[Data extract Boundary: Start]

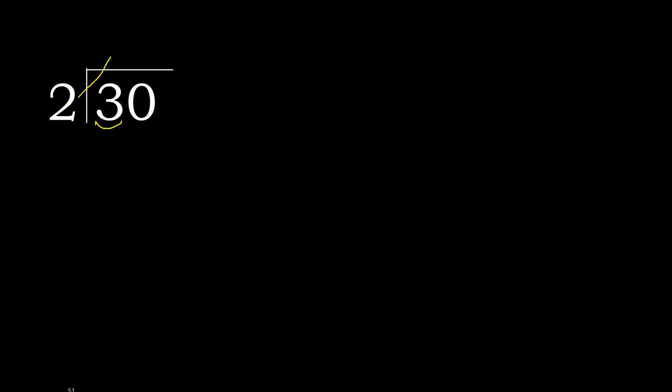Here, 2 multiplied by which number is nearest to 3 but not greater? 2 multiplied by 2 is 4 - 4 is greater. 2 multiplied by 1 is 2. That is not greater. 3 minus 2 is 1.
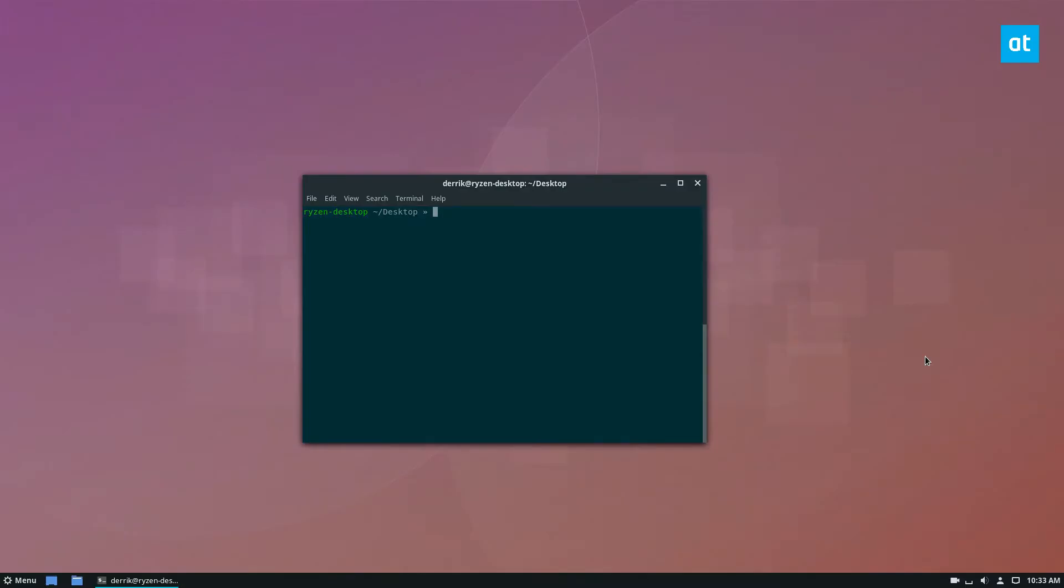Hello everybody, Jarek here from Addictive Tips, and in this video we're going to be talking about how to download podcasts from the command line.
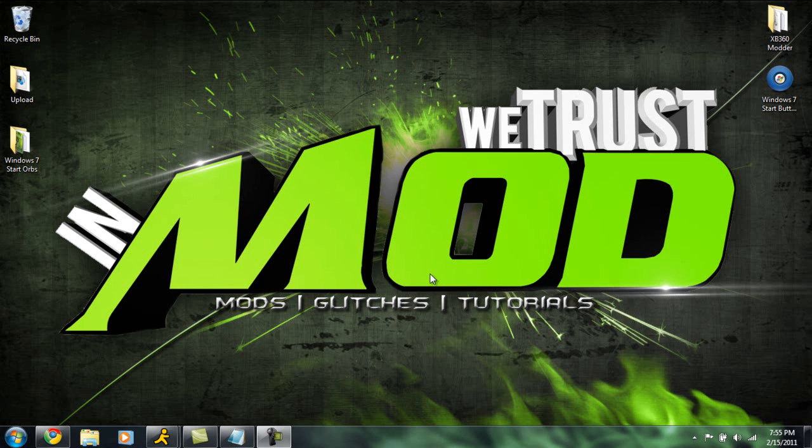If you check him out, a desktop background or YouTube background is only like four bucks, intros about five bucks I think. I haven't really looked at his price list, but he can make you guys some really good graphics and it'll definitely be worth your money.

[Data extract Boundary: End]

▸ Assignment:
Please produce an exact copy of the listing, omitting the pictures.

▸ Output of the exercise:
Here, 2 multiplied by which number is nearest to 3 but not greater? 2 multiplied by 2 is 4 - 4 is greater. 2 multiplied by 1 is 2. That is not greater. 3 minus 2 is 1.
Hello everybody, Jarek here from Addictive Tips, and in this video we're going to be talking about how to download podcasts from the command line.
If you check him out, a desktop background or YouTube background is only like four bucks, intros about five bucks I think. I haven't really looked at his price list, but he can make you guys some really good graphics and it'll definitely be worth your money.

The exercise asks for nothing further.